After hearing about the battle at Lexington and Concord, he sympathized with the Patriot cause and soon joined the Sons of Liberty where he became skilled at espionage, which would lead to his first arrest by the British. During his imprisonment he spoke to his Hessian guards — German soldiers in their native language. He convinced them to switch sides. After a second arrest he was sentenced to death, but escaped, believed to be with help from the Sons of Liberty.

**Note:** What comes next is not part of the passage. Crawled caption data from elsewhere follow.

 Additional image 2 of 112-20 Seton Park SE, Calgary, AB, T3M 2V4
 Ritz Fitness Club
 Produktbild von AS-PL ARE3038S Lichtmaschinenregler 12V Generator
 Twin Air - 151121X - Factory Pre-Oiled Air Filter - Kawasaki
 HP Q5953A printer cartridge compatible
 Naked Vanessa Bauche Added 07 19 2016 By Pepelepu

Mr. Salomon would resettle in Philadelphia were he resumed his activities as a broker. He became the agent to the French consul as well as the paymaster for the French forces in North America. He began working extensively with Robert Morris, the newly appointed Superintendent for Finance for the Thirteen Colonies. Mr. Salomon’s fundraising and personal lending helped provide over $650,000 (approximately $9 billion in 2015 dollars) in financing to the war effort, including over $350,000 of his own money to support the cause, as well as Founding Fathers with names such as Washington, Jefferson, Madison, and Monroe.

In his book, The Jewish 100: A Ranking of the Most Influential Jews of All Time, Michael Shapiro wrote:

The most persistent tale of his largesse took place on Kol Nidre [Yom Kippur], 1779, when a messenger from General Washington arrived with a plea for Salomon at the Mikveh Israel Congregation in Philadelphia. The troops, he related, had not received their pay for many months, the army was about to disband and the British were coming. Responding with mighty spirit and holy intention on this most sacred night of Jewish observance, Salomon organized a loan of $400,000 [today’s value] from his fellow congregants.

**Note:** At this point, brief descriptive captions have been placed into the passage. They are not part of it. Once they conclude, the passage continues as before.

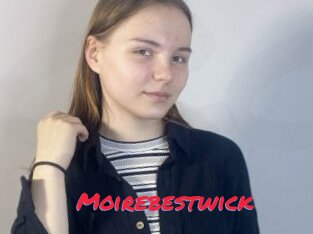 Moirebestwick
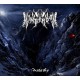 Wintermoon - Autarky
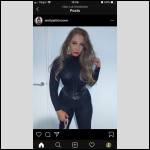 pantalons bien port?s.... - #1711724-2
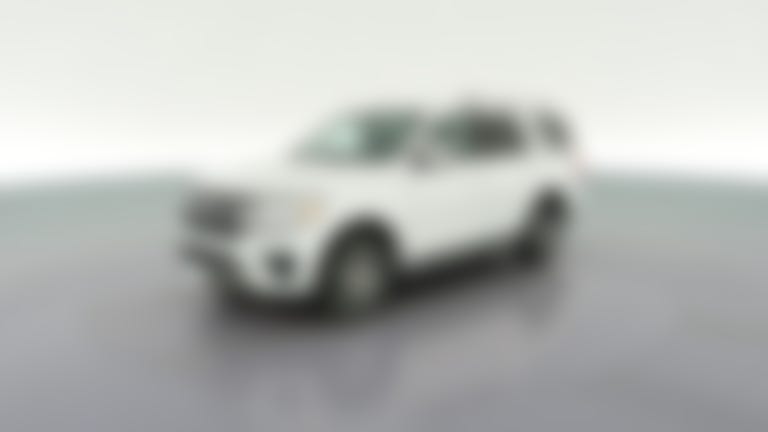 2023 Ford Expedition vehicle photo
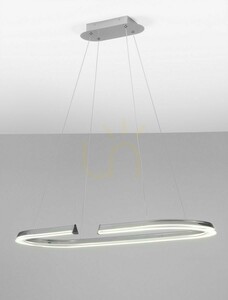 ORINOCO Luces Exclusivas függesztéklámpa LE44532 2 ORINOCO Luces Exclusivas függesztéklámpa LE44532 small 2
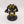 Contemptor Dreadnought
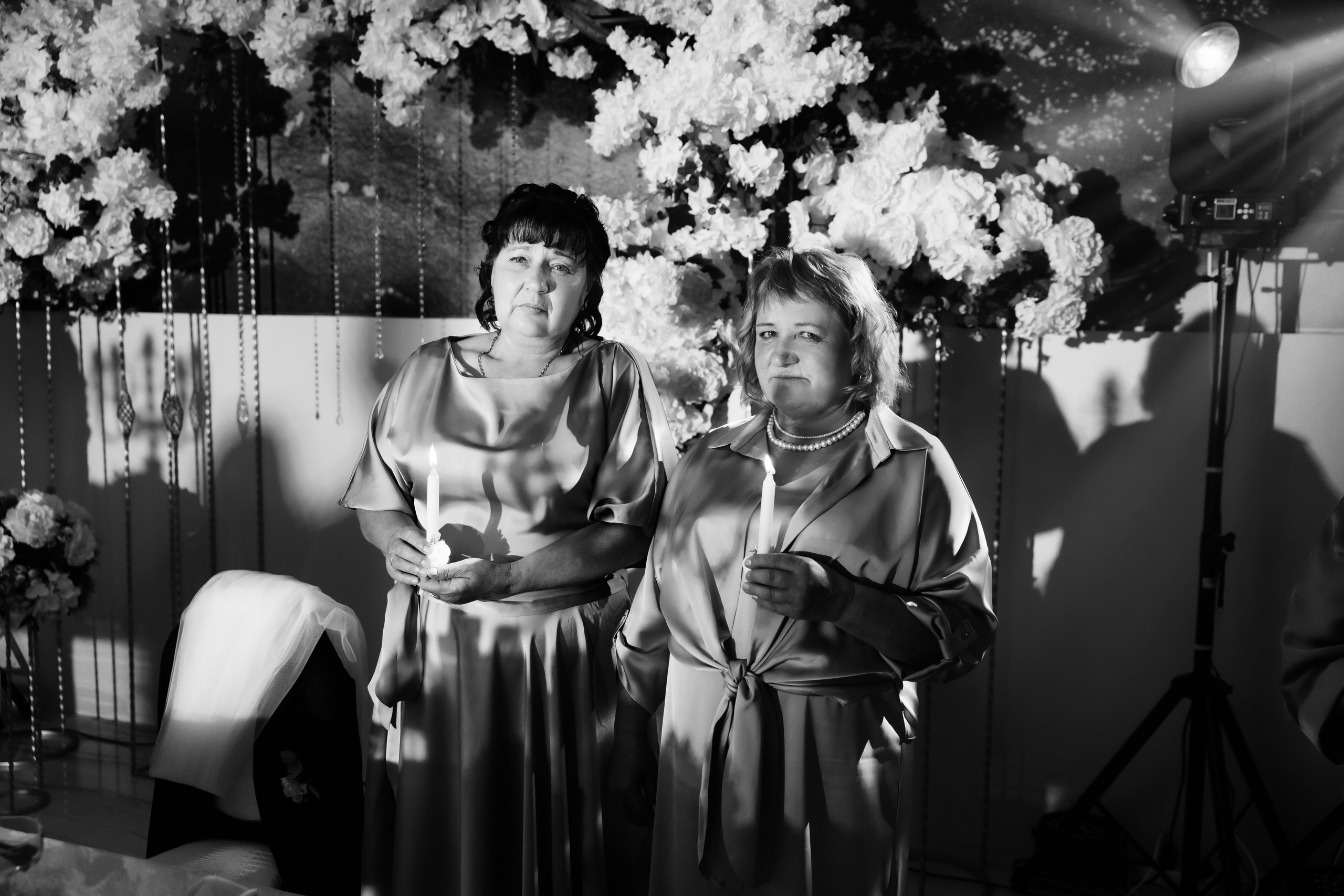 Астория + усадьба Белладжио. Фотограф ВИКА МЕДУЗА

Legend has it, too, that Haym put $240,000 of his own money into the kitty. Mr. Washington was able to then pay his soldiers their back wages and take the field.

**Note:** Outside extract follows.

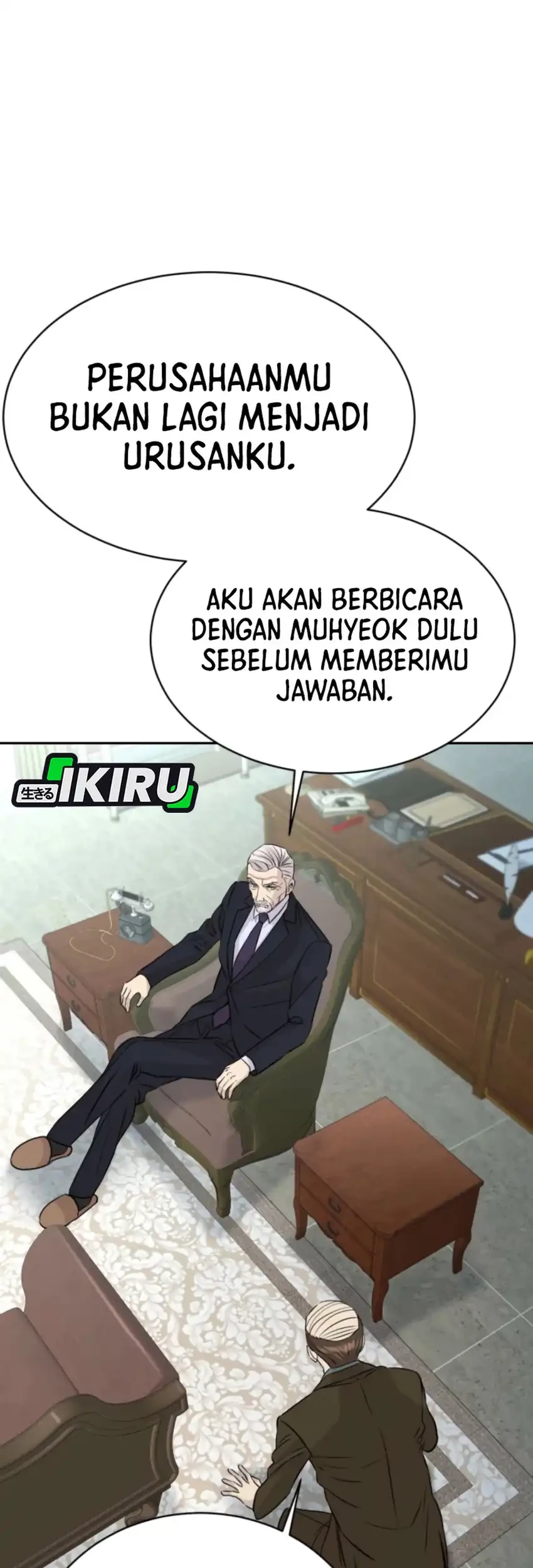 Halaman 235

In another version of this story, Mr. Washington sent a messenger to find Mr. Salomon on Kol Nidre in 1781 as the Continental Army had General Cornwallis’ troops struggling at Yorktown against southern forces of the Continental Army. Mr. Washington needed to march his army to the coastal city to finish off the King’s army. But Mr. Washington’s forces were near mutiny: Food and supplies had run out and Congress had no money to make necessary purchases as well as pay the troops.

Legend has it that the messenger found Mr. Salomon at his Philadelphia synagogue Mikveh Israel on Yom Kippur. Mr. Salomon, an observant Jew, reportedly raised $20,000 ($425,000 today) from his fellow congregants.

Despite media reports that Mr. Salomon did not give all his money to the cause for liberty, he died penniless in 1785. Starting with his son Haym Moses, and continuing with descendants for over a century, Mr. Salomon’s family never recouped any funds Haym Salomon loaned to the cause.

The press can laugh at Dr. Carson for mispronouncing the name of a terrorist group, and left-leaning media groups can try to downplay the efforts of a Jewish patriot, to their biased hearts’ content.

On this Festival of Lights, I am grateful to Dr. Carson for illuminating this Revolutionary War hero — recognition that is centuries overdue.